I have checked your articles. Great work! and I wanted to thank you for the tips you provide us with.
Now I need your advise on something-related to orchids of course.
The thing is that more than a year and a half ago I bought two orchid plants (Phaleonopsis) from a flower shop in St Petersburg, Russia.
They were already with flowers so I enjoyed them until after they fell off and then start to notice that the plants after blooming started dying off. One of then definitely dried out. The second one I kind of revived, after repotting (but never change the compost which came with the plant, applying some natural fertilizers for 4 months. My work was rewarded this year – some months ago – when it started developing 1 stem. Nowadays the plant I have has 6 large and 1 small leaf + one small plant with already 4 small leaves (I have read that it’s called KEIKI- a vegetative form of orchid propagation); 2 stems, 10 unopened flowers.

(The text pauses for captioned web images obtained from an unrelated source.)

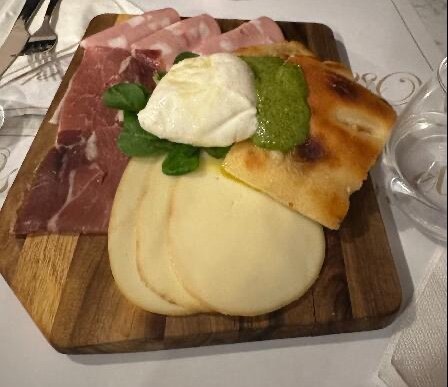 Foto di Osteria Da Canneto - 7/10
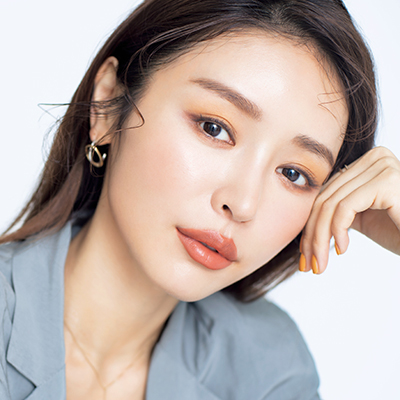 2020最旬美眉はどんなメイクにも合う“溶け込み眉” ！ H&M長井かおりさんがマストバイアイテムをレクチャー！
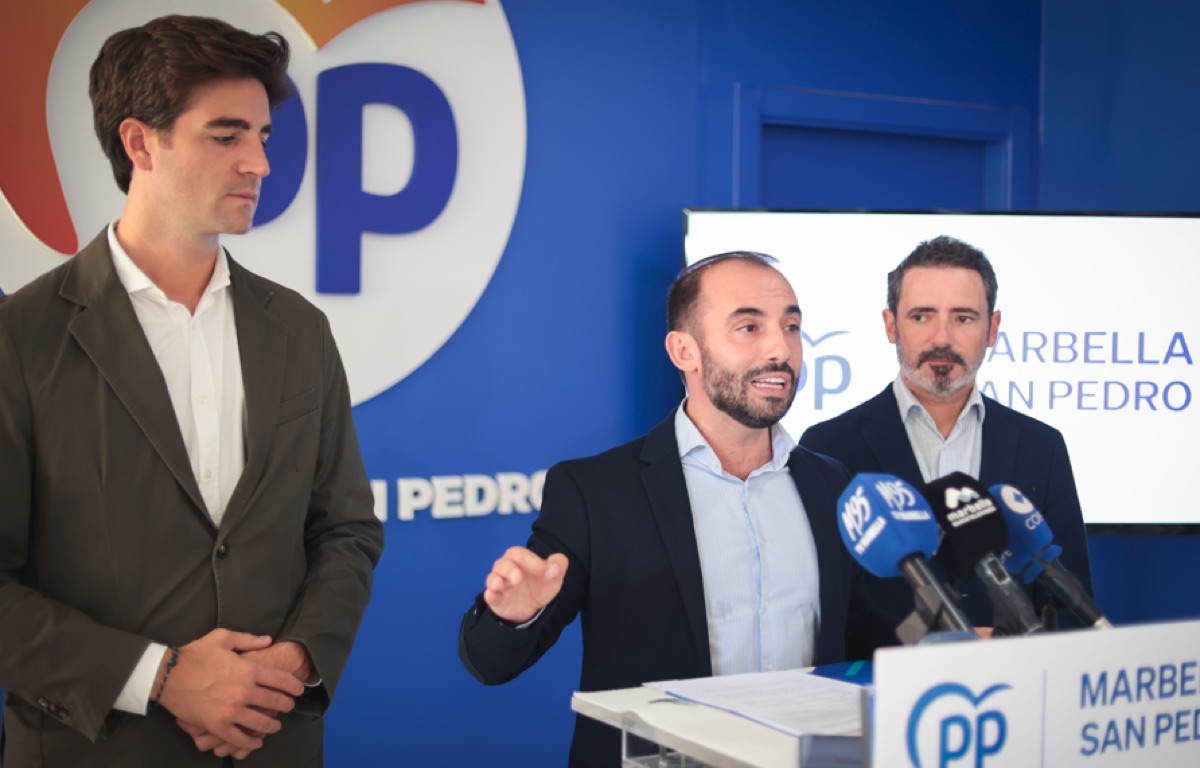 El PP exige a Sánchez que deje de castigar a los autónomos y aplique la directiva europea que exime del IVA a quienes facturen menos de 85.000 euros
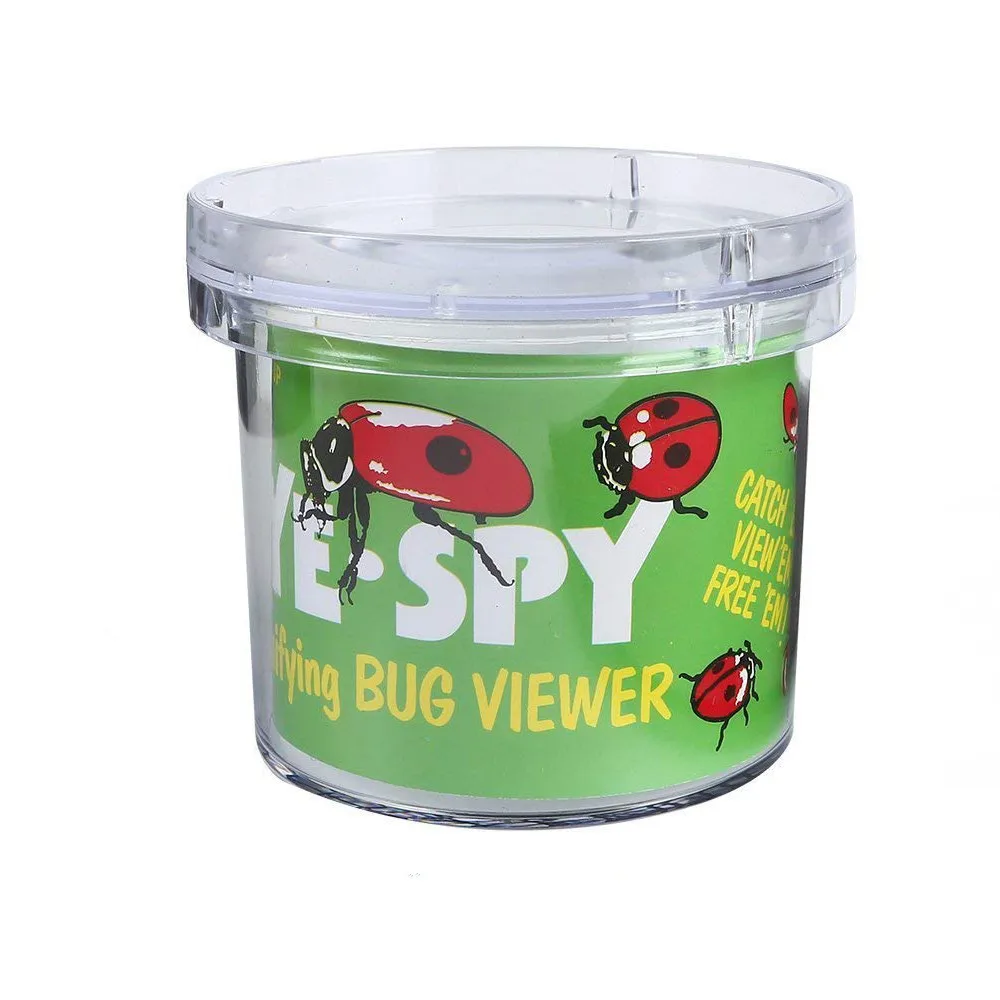 View bug
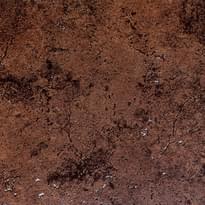 Плитка Exagres Metalica Pav. Cherry 33x33 см, поверхность матовая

I am very fond of my plant and I am really concerned because: 1st I noticed the roots were rotted and the question is: Do I have to replant it? i’ve read it’s not recommendable…:( ; 2nd, the flowers instead of opening are acquiring the color they are supposed to take when open and mature, but then I see with terror that they are drying off. What should I do? Is there any way to see at least of open.
I live in Russia, so, weather conditions differ from my sunny Cuba where I had 4 types of orchids in my yard. Could you please help me solve this out?